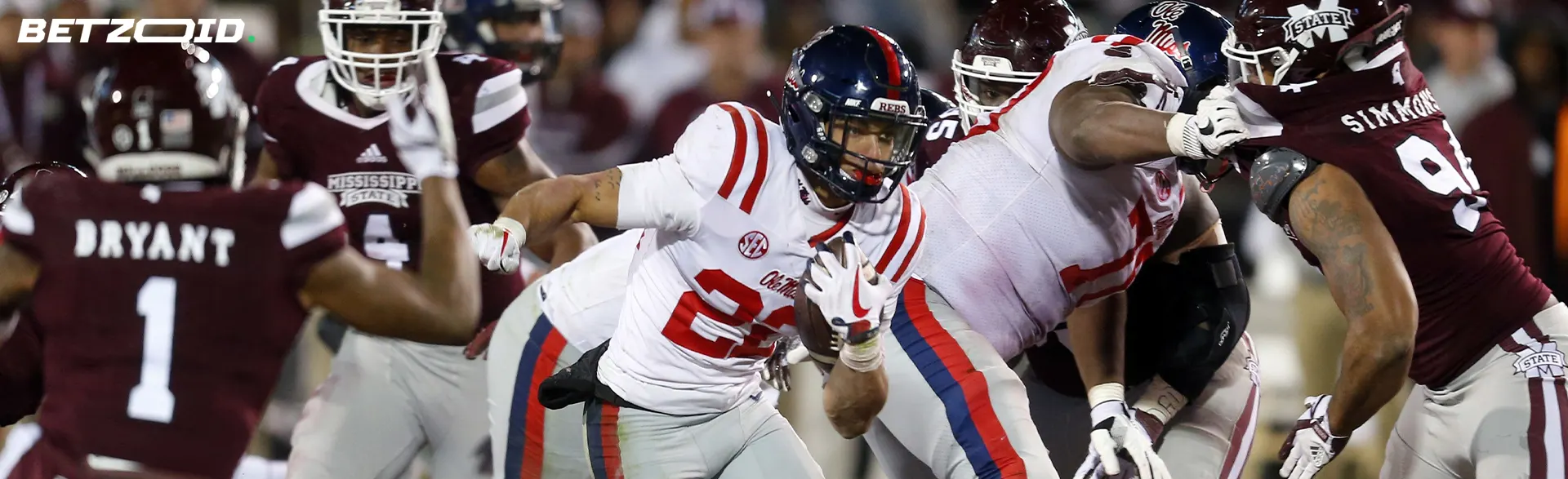 American football players in action during a match.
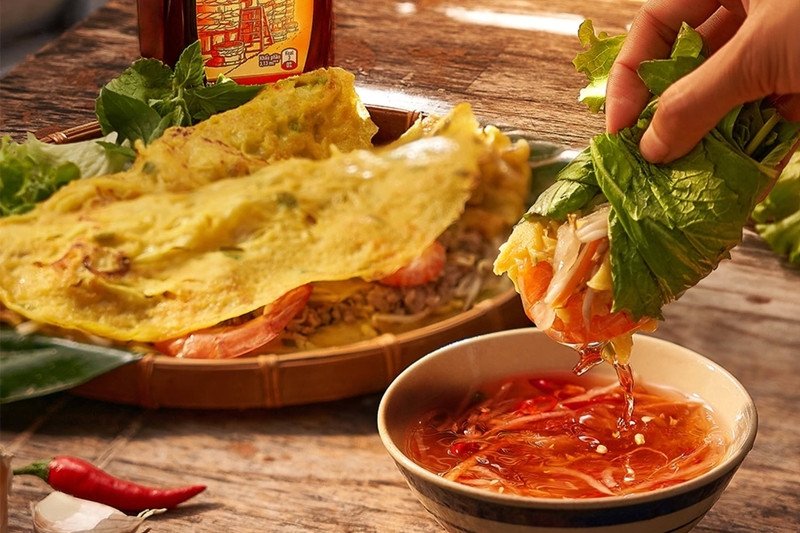 Gia đình cùng nhau thưởng thức bánh xèo nóng hổi, quây quần bên mâm cơm
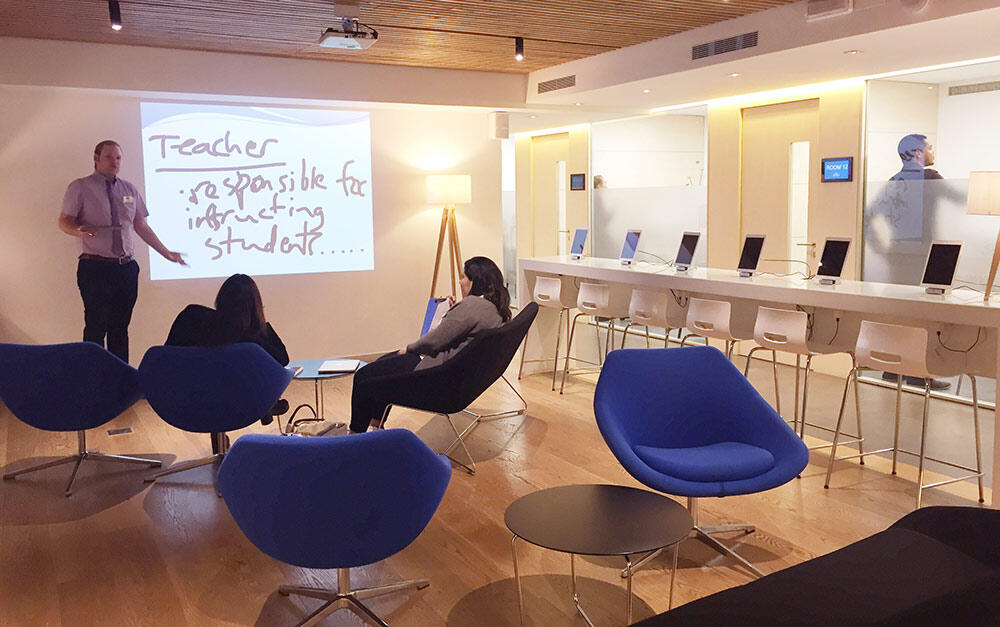 Un profesor se encuentra junto a una pantalla de proyección llena de notas y se dirige a tres alumnos sentados en modernas sillas azules. La sala resulta luminosa y acogedora.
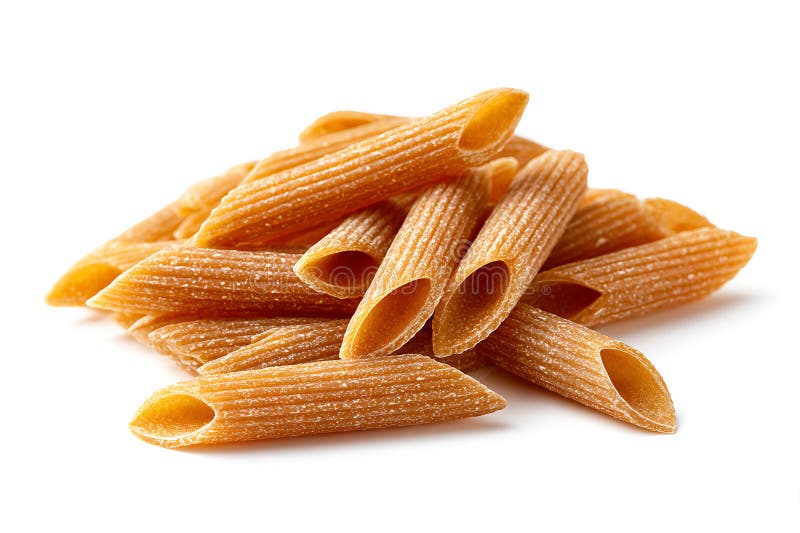 Raw wholegrain penne pasta uncooked on clean white background royalty free stock photography
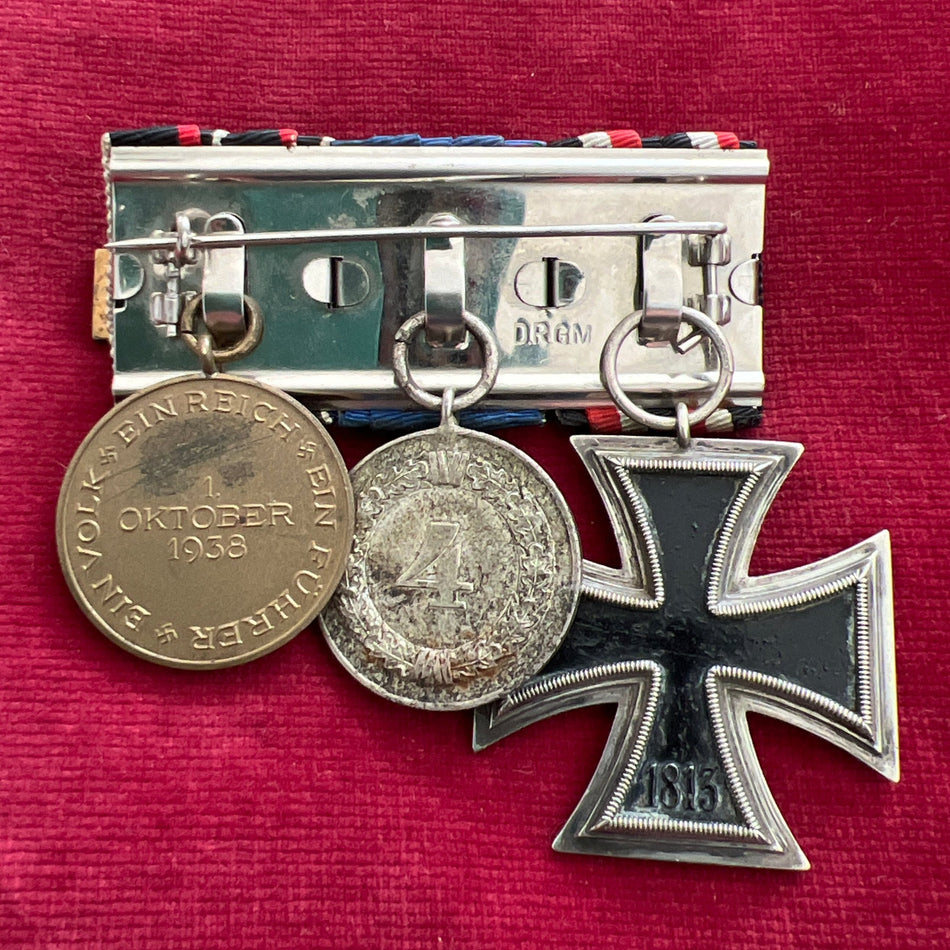 Nazi Germany, group of 3: Iron Cross 2nd class, Armed Forces 4 Years Long Service Medal & Entry into Czechoslovakia Medal, Prague bar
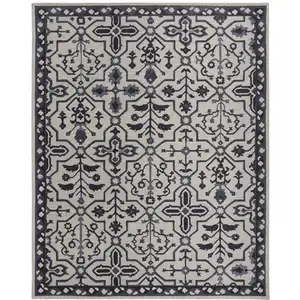 Photo of Taupe And Gray Wool Floral Tufted Handmade Stain Resistant Area Rug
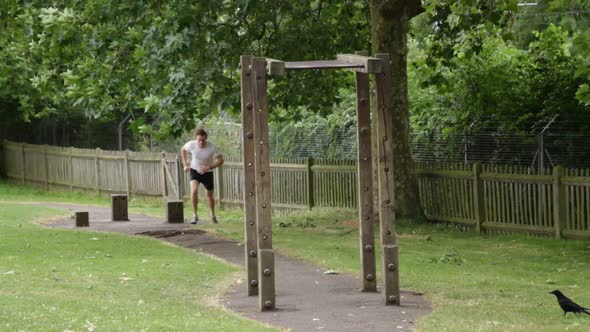 Male running up to parallel bar and exercises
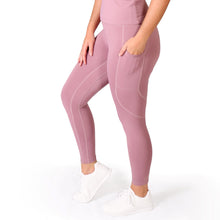 Load image into Gallery viewer, Side facing woman wearing full length pink activewear leggings with pockets with a small logo on the left side ankle, a matching pink crop top and white training shoes
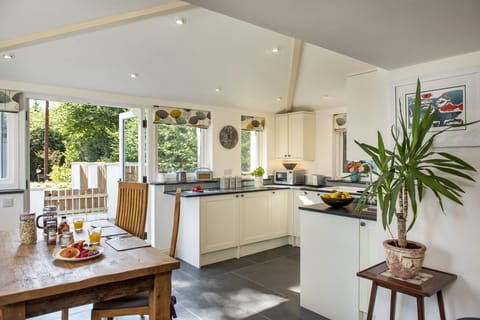 A well-equipped kitchen leading out onto the Mediterranean style patio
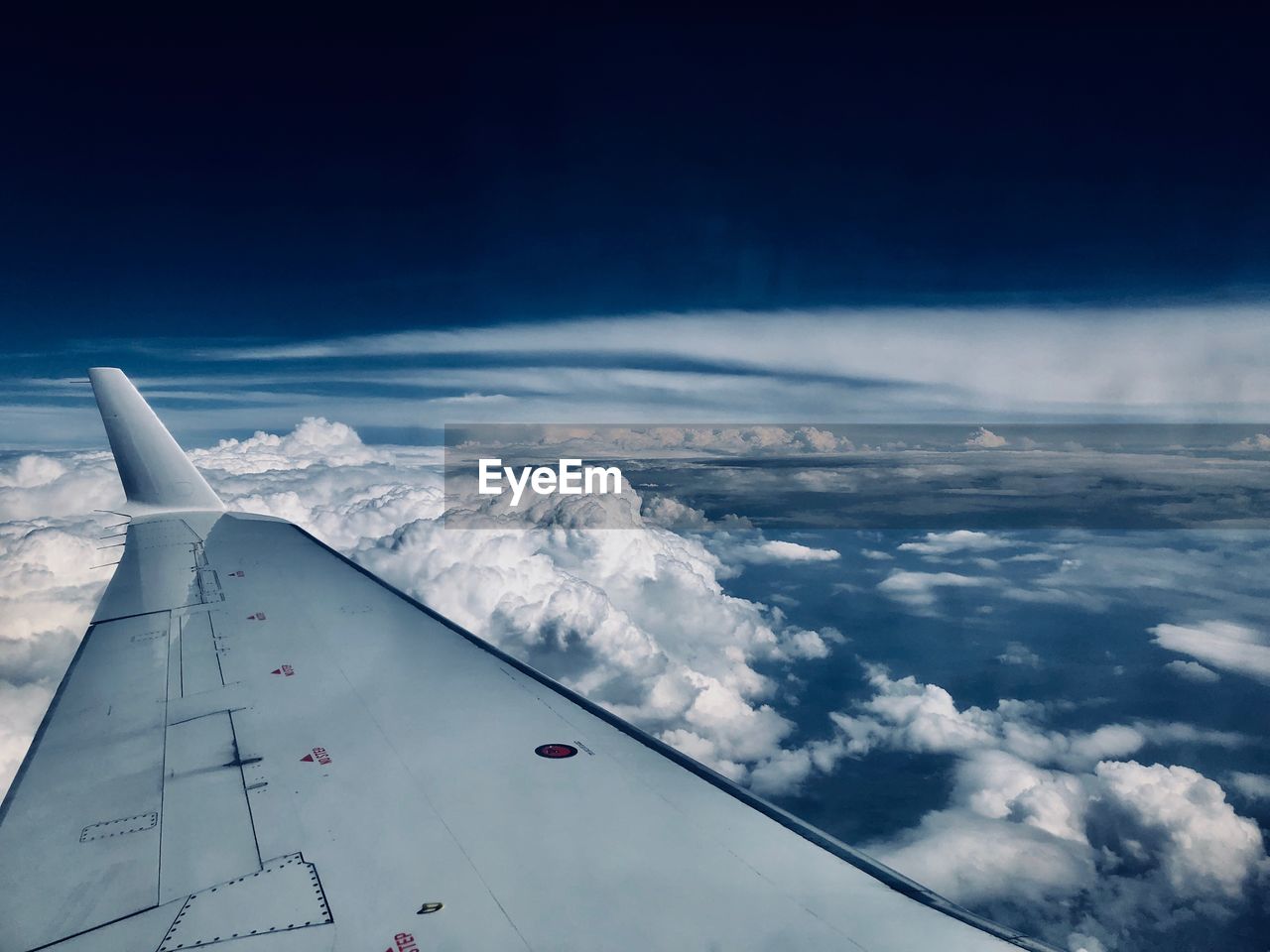 Cropped image of aircraft wing against sky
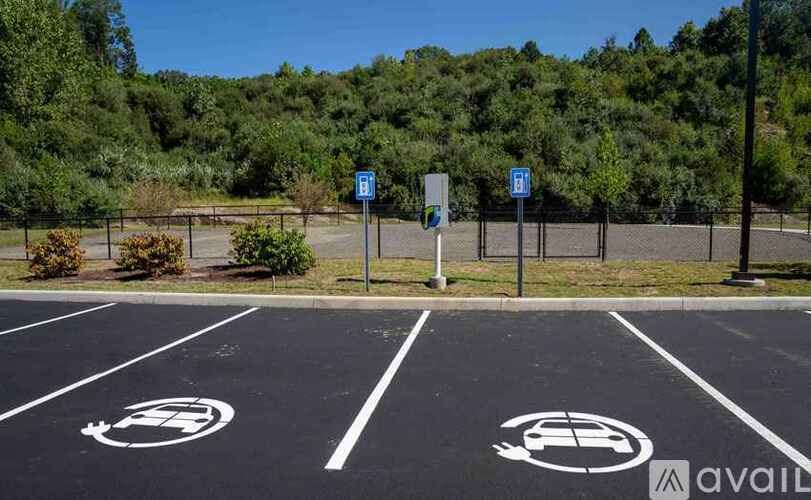 A parking lot with a sign that says "available" and a symbol of a car with a plug.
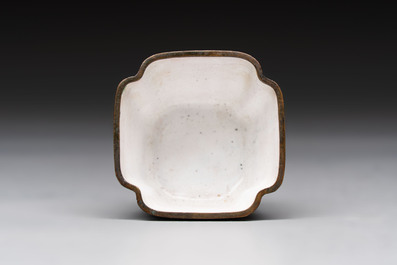 A Chinese Canton saucer, a cup and a covered box, 18th C.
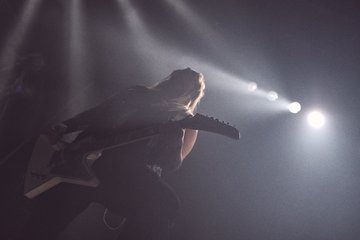 Ein Musiker spielt leidenschaftlich Gitarre auf der Bühne. Starke Lichteffekte und Nebel schaffen eine dynamische Atmosphäre. Die Silhouette des Musikers hebt sich dramatisch vor den Lichtern ab und vermittelt ein Gefühl von Energie und Intensität.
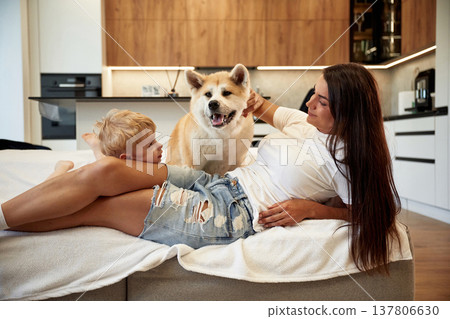 Woman is with her Shibu Inu dog at home 137806630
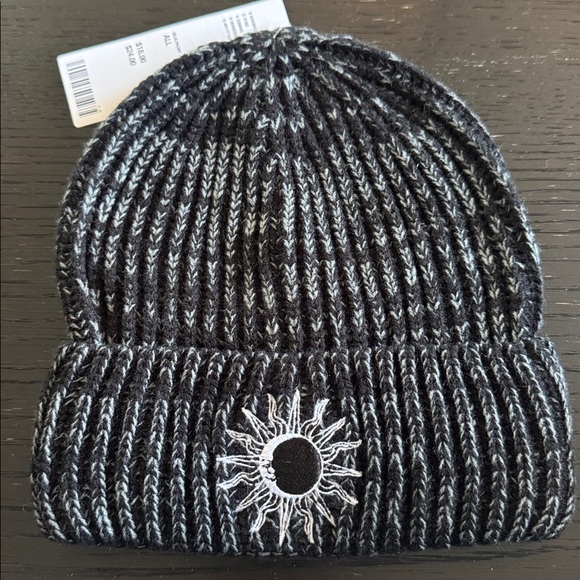 Urban Outfitters Accessories - Urban Outfitters marled black ribbed knit embroidered sun/moon cuffed beanie.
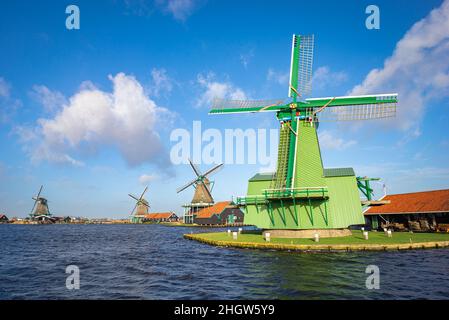 Moulins à vent traditionnels le long du bord de l'eau à Zaanse Schans, pays-Bas sous un ciel typiquement hollandais Banque D'Images
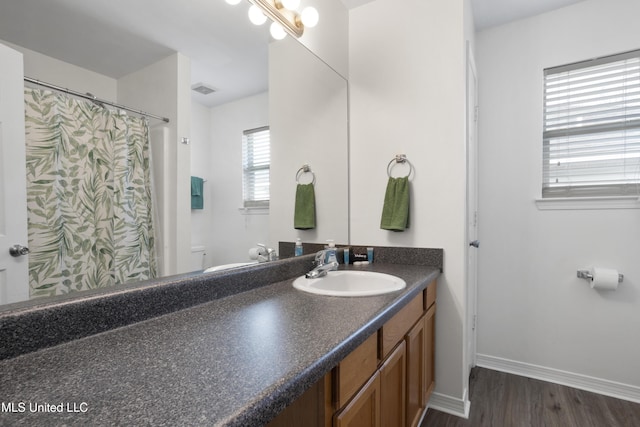 bathroom with toilet, wood-type flooring, and vanity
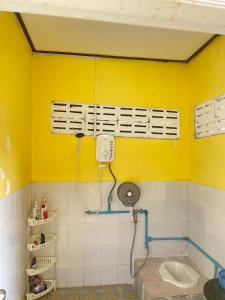 a bathroom with a yellow wall and a sink at Pakse Chill Hostel in Pakse +36 photos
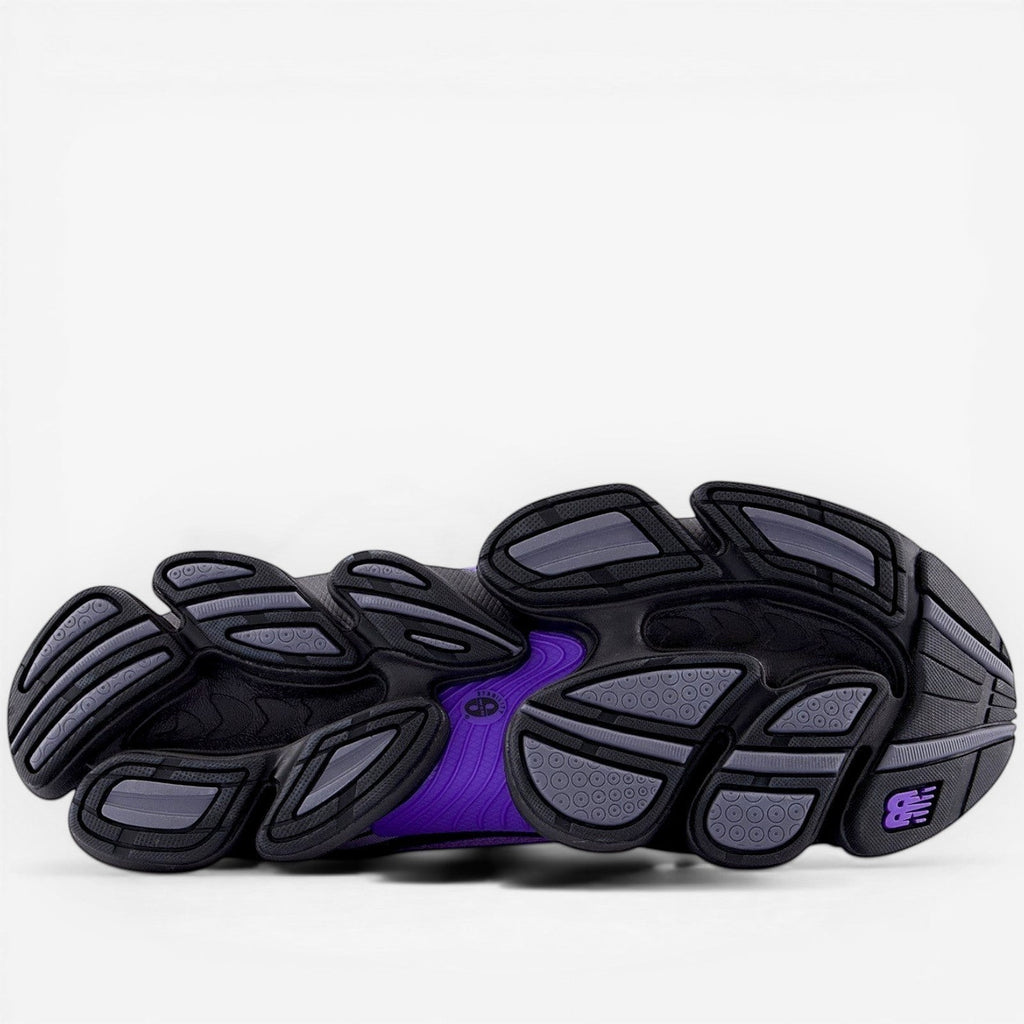 New Balance sneaker outsole in black, grey, and purple, athletic footwear sole detail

* _PROBLEM TO WORK ON_
Once the pictures are set aside, repeat the data above exactly.

* _OUTPUT FOR THIS TASK_
 American football players in action during a match.
 Gia đình cùng nhau thưởng thức bánh xèo nóng hổi, quây quần bên mâm cơm
 Un profesor se encuentra junto a una pantalla de proyección llena de notas y se dirige a tres alumnos sentados en modernas sillas azules. La sala resulta luminosa y acogedora.
 Raw wholegrain penne pasta uncooked on clean white background royalty free stock photography
 Nazi Germany, group of 3: Iron Cross 2nd class, Armed Forces 4 Years Long Service Medal & Entry into Czechoslovakia Medal, Prague bar
 Photo of Taupe And Gray Wool Floral Tufted Handmade Stain Resistant Area Rug
 Male running up to parallel bar and exercises
 Load image into Gallery viewer, Side facing woman wearing full length pink activewear leggings with pockets with a small logo on the left side ankle, a matching pink crop top and white training shoes
 A well-equipped kitchen leading out onto the Mediterranean style patio
 Cropped image of aircraft wing against sky
 A parking lot with a sign that says "available" and a symbol of a car with a plug.
 A Chinese Canton saucer, a cup and a covered box, 18th C.
 Ein Musiker spielt leidenschaftlich Gitarre auf der Bühne. Starke Lichteffekte und Nebel schaffen eine dynamische Atmosphäre. Die Silhouette des Musikers hebt sich dramatisch vor den Lichtern ab und vermittelt ein Gefühl von Energie und Intensität.
 Woman is with her Shibu Inu dog at home 137806630
 Urban Outfitters Accessories - Urban Outfitters marled black ribbed knit embroidered sun/moon cuffed beanie.
 Moulins à vent traditionnels le long du bord de l'eau à Zaanse Schans, pays-Bas sous un ciel typiquement hollandais Banque D'Images
 bathroom with toilet, wood-type flooring, and vanity
 a bathroom with a yellow wall and a sink at Pakse Chill Hostel in Pakse +36 photos
 New Balance sneaker outsole in black, grey, and purple, athletic footwear sole detail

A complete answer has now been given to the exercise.